💸🐌 Markets React to Slower Inflation & New Job Data
Happy Wednesday all,
Inflation cooled in February, offering some relief after months of stubborn price increases. Meanwhile, the job market showed unexpected strength, with job openings and quit rates rising—though underlying signs of a slowdown remain. In the airline industry, Southwest is making a historic shift, scrapping its free checked bag policy after 50 years.
With markets reacting to these shifts, what’s next for inflation, employment, and consumer spending? Let’s break it all down.
Enjoy this week’s Hump Days!
- Humphrey & Rickie
👀 Eye-Catching Headlines
Ukraine agrees to US-led ceasefire plan if Russia accepts (CNBC)
Ray Dalio warns that mounting US debt problems could lead to ‘shocking developments’ (CNBC)
Trump’s 25% tariffs on steel and aluminum imports take effect, Europe retaliates (CNBC)
TSMC pitched Intel foundry JV to Nvidia, AMD and Broadcom, sources say (CNBC)
Education Department Cuts Nearly Half Its Workforce as Effort to Shut the Agency Looms (WSJ)
Consumers Keep Bailing Out the Economy. Now They Might Be Maxed Out (WSJ)
How the AI Talent Race Is Reshaping the Tech Job Market (WSJ)
The Weekly Brief
Inflation Rises at Slower Pace in January
The latest CPI data from the Bureau of Labor Statistics showed US consumer prices rising at a slower pace in February, providing some relief after months of stagnant inflation progress.
Overall CPI increased by 0.2% in February, down from a 0.5% increase in January, while the core CPI (excluding food and energy) also rose by 0.2%. Both figures came in slightly below economists' estimates.
The year-over-year inflation rate stood at 2.8% for overall CPI and 3.1% for core CPI, also lower than expected.

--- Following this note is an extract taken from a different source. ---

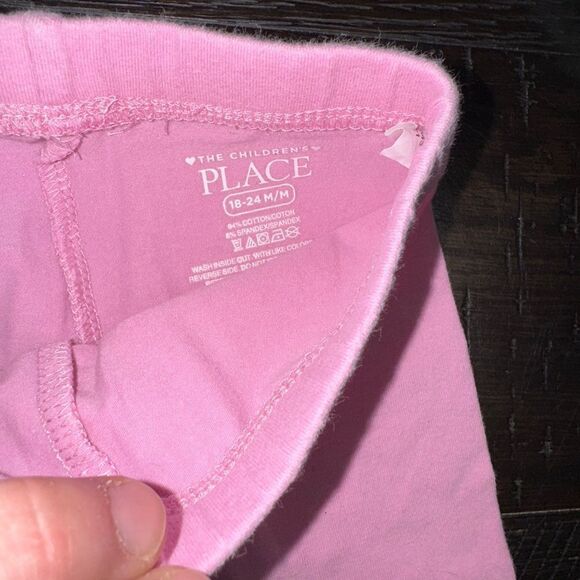 18-24m matching children’s place set tie dye with fuzzy sweatshirt - Picture 3 of 5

Several key components contributed to the moderation in inflation. Shelter costs, while still accounting for nearly half of the overall increase, decelerated from the previous month. Airfares saw a significant drop of 4%, the largest decline since June, amid warnings of weaker demand from carriers. Prices for new cars and gasoline also decreased, while grocery prices remained relatively stable after a substantial increase in January. Car and health insurance costs experienced more moderate price increases.
Despite the encouraging February report, concerns about inflation persist. Some measures suggest that inflation may be picking up again, and the introduction of tariffs by President Trump is expected to lead to price increases on various goods, from food to clothing.

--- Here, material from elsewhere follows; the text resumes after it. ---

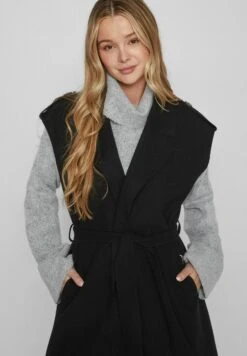 Vila Lange Gürtel - Bodywarmer - Black 12 Vila Lange Gürtel - Bodywarmer - Black -Vila 7b8a3195388a414a8fdaad9cb12bacf9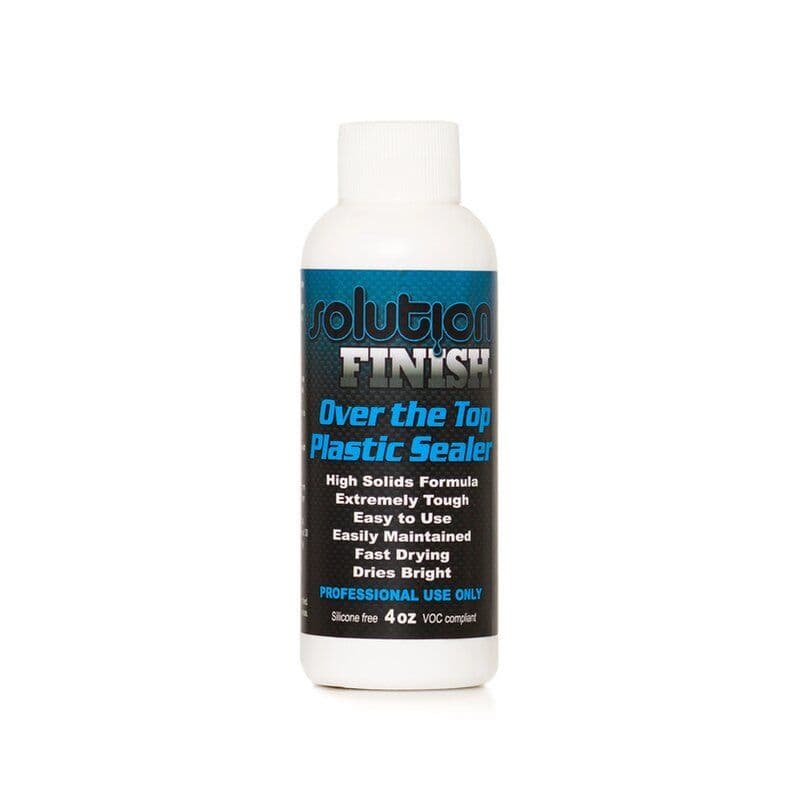 Solution Finish Over The Top Plastic Sealer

US Job Openings and Quits Rise in Sign of Resilient Labor Market
The US job market showed some surprising resilience in January, with job openings rising to 7.74 million, driven by increases in financial activities, retail trade, and construction.
The quits rate, which measures people voluntarily leaving their jobs, also ticked up to 2.1%, the highest since July.
This suggests workers are feeling more confident about finding new opportunities. Meanwhile, layoffs fell to their lowest level since June, indicating employers are holding onto staff.
However, it's important to note that this data is from January, and more recent reports have shown signs of a slowdown in the labor market. The unemployment rate climbed to 4.1% in February, and continuing unemployment benefit applications have risen to a nearly three-year high.
As a result, investors are now expecting the Federal Reserve to make more interest rate cuts this year than previously anticipated, with the first cut expected by June.
Southwest Ditches Free Checked Bag Policy in End of Era for Airline
Southwest Airlines announced a significant shift in its long-standing policy by introducing charges for checked luggage, effective for flights booked after May 28.
This move ends the airline's 50-year-old "bags fly free" perk, which has been a key differentiator for the carrier. The new policy will charge customers for their first and second checked bags, with exceptions for top-tier loyalty members and business fare travelers.
In addition to the new baggage fees, Southwest plans to introduce a premium class section, offer red-eye flights, and implement a new "basic" fare for budget-conscious travelers. These changes come alongside other cost-cutting measures, including a 15% reduction in corporate positions and a revised financial outlook reflecting weaker booking trends.
The decision to charge for bags has been met with mixed reactions. While Southwest's stock rallied on the news, rival airlines see it as an opportunity to attract disgruntled Southwest customers.
The airline's CEO, Bob Jordan, emphasized that these changes are designed to boost profits and attract new customer segments.